Controller-Runtime Built-ins (not coraza_ prefixed)

These metrics are emitted automatically by controller-runtime and are not configurable by this chart. They appear in the same scrape job as the coraza_ metrics.

MetricNotes
controller_runtime_reconcile_total{controller, result}~4 series per controller
controller_runtime_reconcile_errors_total{controller}~2 series
workqueue_depth{name}~2 series

Many more standard operator observability metrics are emitted. Refer to the controller-runtime documentation for the full list.

Worked Example: 50-engine cluster

50 Engines × (1 info + 4 conditions)                              =  250 Engine series
50 Engines grouped in 5 namespaces: 5 namespace aggregates         =    5 series
50 RuleSets × (1 info + 3 conditions + 1 sources + 1 data_files)  =  300 RuleSet series
50 RuleSets in 5 namespaces: 5 namespace aggregates                =    5 series
200 RuleSources × (1 info + 2 conditions)                          =  600 RuleSource series
200 RuleSources in 5 namespaces: 5 namespace aggregates            =    5 series
50 referenced RuleData × (1 info + 1 condition)                    =  100 RuleData series
50 RuleData in 5 namespaces: 5 namespace aggregates                =    5 series
Validation counters: 5 ns × (3 rulesource + 2 ruleset outcomes)    =   25 series
Validation histograms: 5 ns × (2×13 rulesource + 2×13 ruleset + 10 cache) =  310 series
Cache server: ~99 series (incl. auth failures counter)
                                                                   ─────────────────
Total coraza_* operator series:                                   ~1704

Well within the 5,000 series budget.

What NOT to use as label values

Rule IDs on the operator side

The operator never sees per-rule decisions — those live in Envoy after the WAF driver processes traffic. Adding rule_id labels on the operator side would require data-plane scraping (see Data-Plane Metrics below). Rule-level cardinality explodes quickly: CRS alone contains thousands of rules.

IP addresses

IP addresses are unbounded cardinality and violate standard Prometheus cardinality policy. Never use client IPs, source IPs, or any IP-derived value as a label.
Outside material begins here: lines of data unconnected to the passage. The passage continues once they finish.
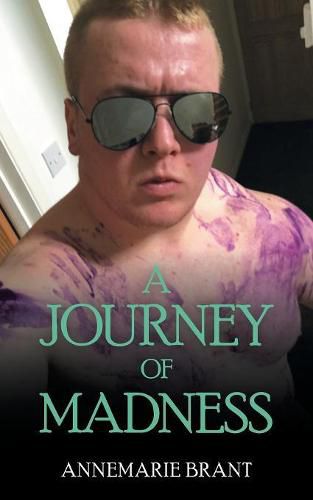 Cover image for A Journey of Madness: Part 1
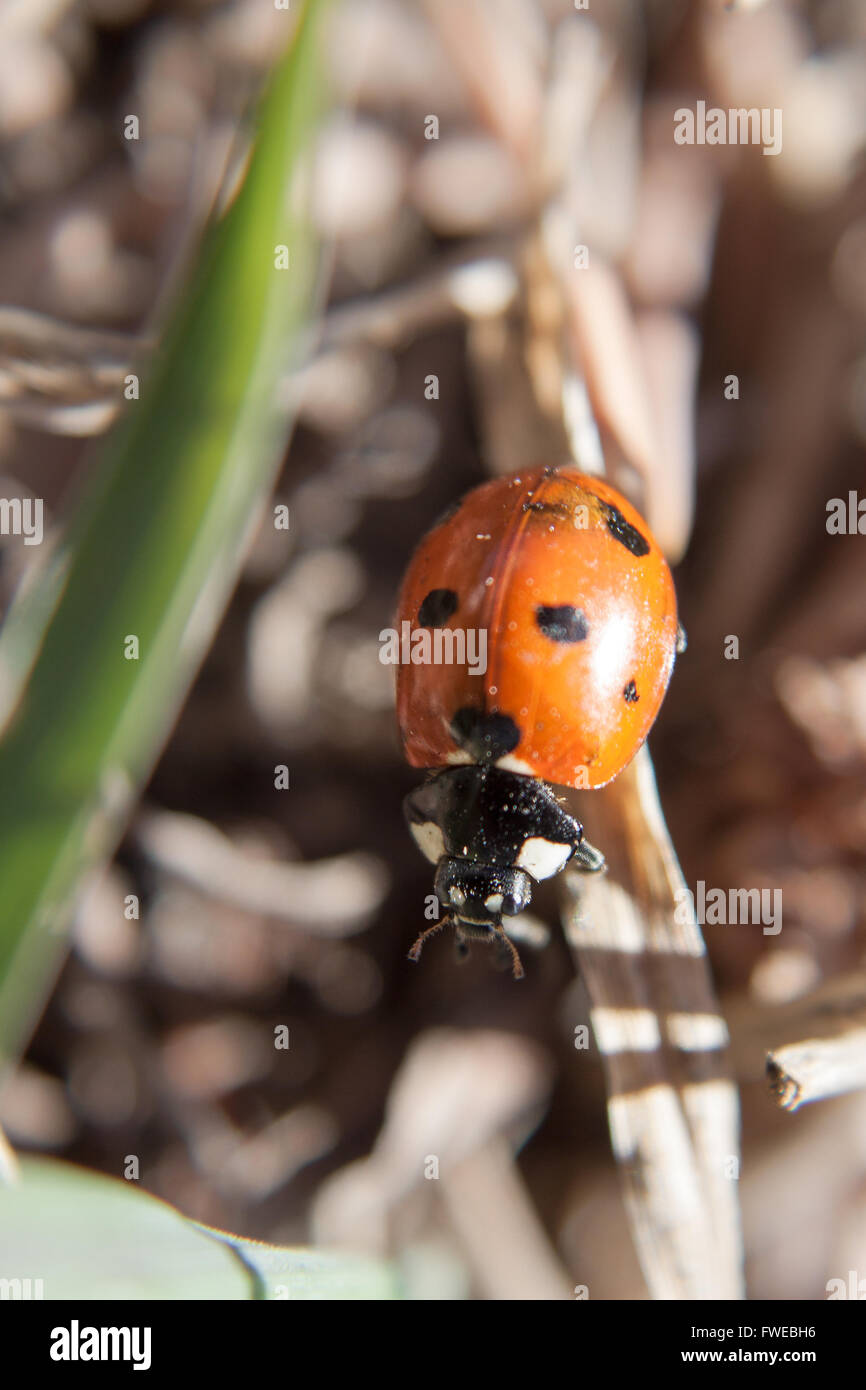 Lady bug occupé au printemps Banque D'Images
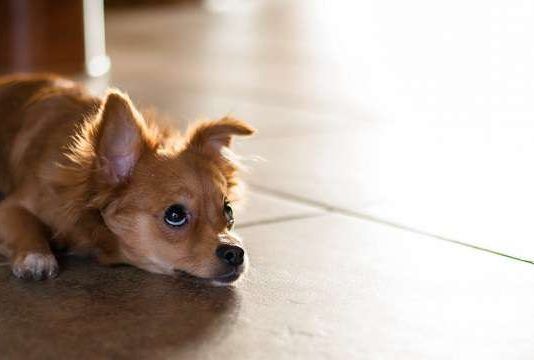 pancreatitis en perros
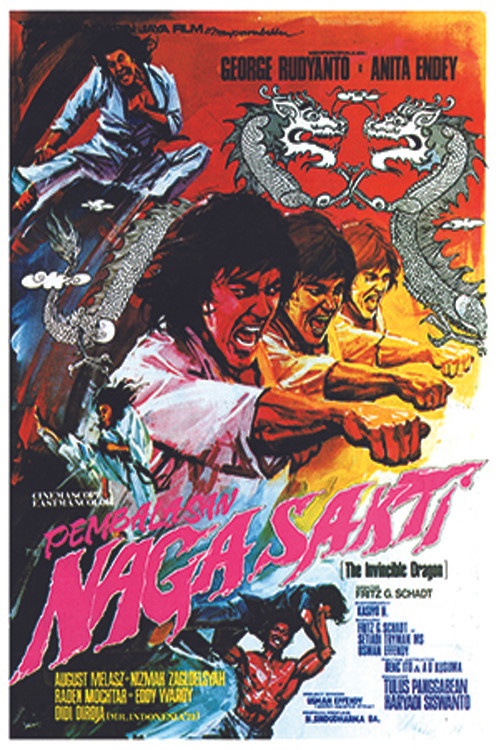 Pembalasan Naga Sakti (1976) poster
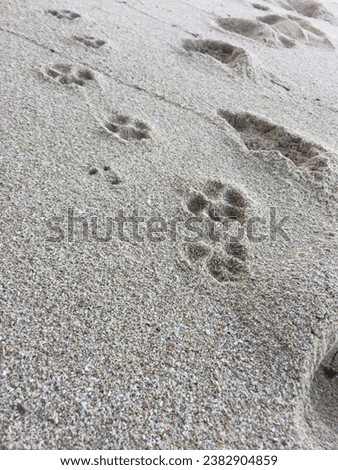 dog paw foot step in the sand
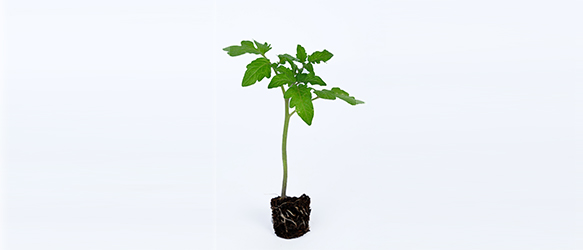 Tomato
Numeric counts as label values

Use separate gauge metrics rather than encoding counts in label values. For example, coraza_ruleset_sources{namespace="...", name="..."} carrying the numeric count is correct. A label like source_count="5" on a parent metric is not — each distinct count creates a new time series and the label conveys no structural identity.

Raw error messages

Use error type or reason codes, never free-form error strings. Free-form strings have effectively unbounded cardinality (every unique message is a new series) and are difficult to query reliably.
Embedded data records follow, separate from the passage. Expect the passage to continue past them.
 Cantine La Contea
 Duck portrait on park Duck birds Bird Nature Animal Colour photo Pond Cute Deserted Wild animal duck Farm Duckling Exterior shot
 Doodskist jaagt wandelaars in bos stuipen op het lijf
Data-Plane Metrics (coraza_waf_* — emitted by WAF driver in Envoy)

Data-plane metrics are emitted directly from the Coraza WASM driver running inside Envoy sidecars. They are NOT scraped from the operator.

For the full specification of data-plane metric names, labels, and cardinality constraints (including the top-N rule limit that bounds per-rule series), see driver metrics contract.
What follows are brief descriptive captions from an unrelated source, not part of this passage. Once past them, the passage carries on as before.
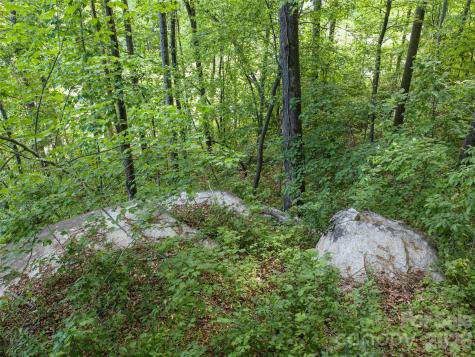 000 New Sprout Lane Hendersonville NC 28792
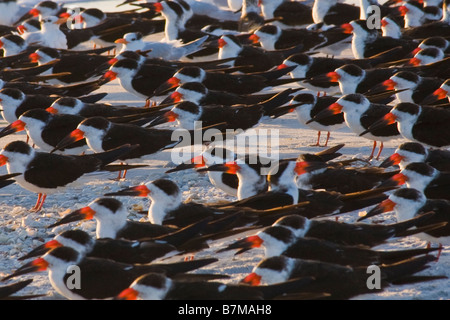 Gregge di Nero Skimmers Rynchops niger sulla spiaggia a Gasparrilla isola in Florida Foto Stock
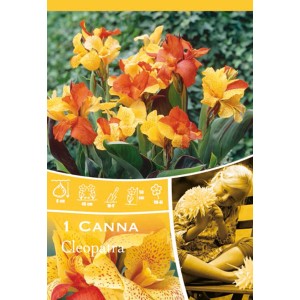 Bulbo di Canna Cleopatra con fiori giallo-rossi in un'aiuola.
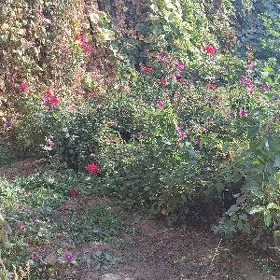 işçi gyyz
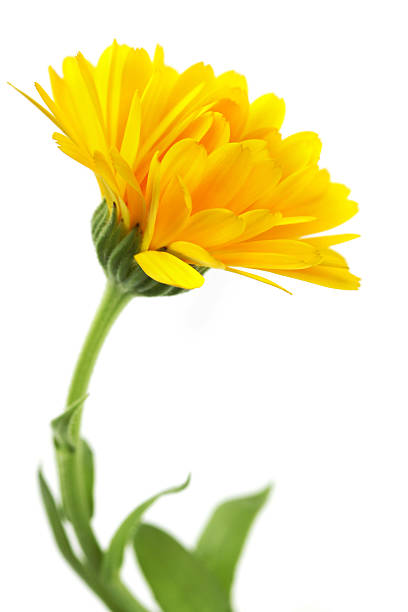 istock Almost like painted calendula flower 184299050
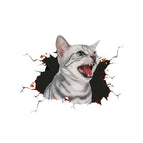Cat Style 4 / Cat Style 4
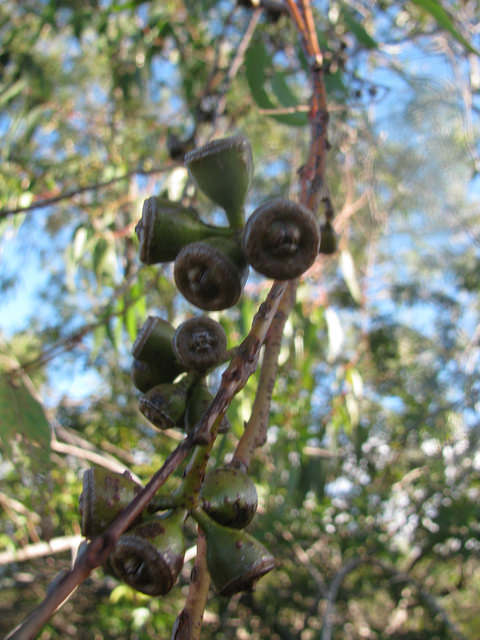 Eucalyptus saligna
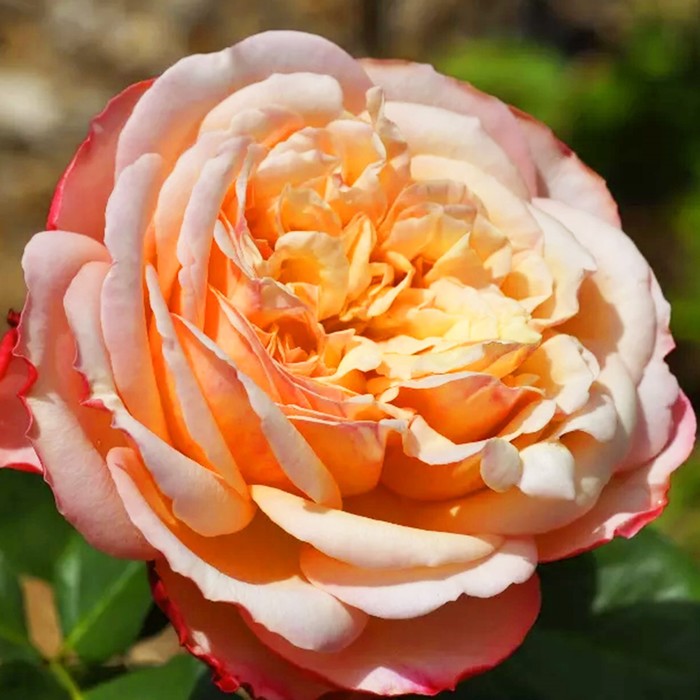 

Саженец розы "Амальтея" серия ПРЕМИУМ, 1 шт Весна 2022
Key differences from operator metrics:

PropertyOperator metricsData-plane metrics
Sourceoperator /metrics on :8443Envoy admin API or PodMonitor
Scrape targetServiceMonitor on operator podPodMonitor on Gateway pods
Per-rule detailNo — operator never sees rule decisionsYes — bounded by top-N limit
Worst-case (10-engine cluster)~585 series~7,000 series

ServiceMonitor label handling

The Helm chart enables honorLabels: true on the operator ServiceMonitor so the namespace label on coraza_* metrics reflects the CR namespace, not the operator pod namespace. Prometheus normally overwrites namespace with the scrape target namespace when honorLabels is false.

honorLabels also preserves any job or instance labels emitted by the operator. Those labels are reserved for scrape-target identity; if the operator ever emitted them, aggregation would silently break. The chart therefore applies a built-in metricRelabelings rule to drop job and instance before user-supplied metrics.serviceMonitor.metricRelabelings are applied.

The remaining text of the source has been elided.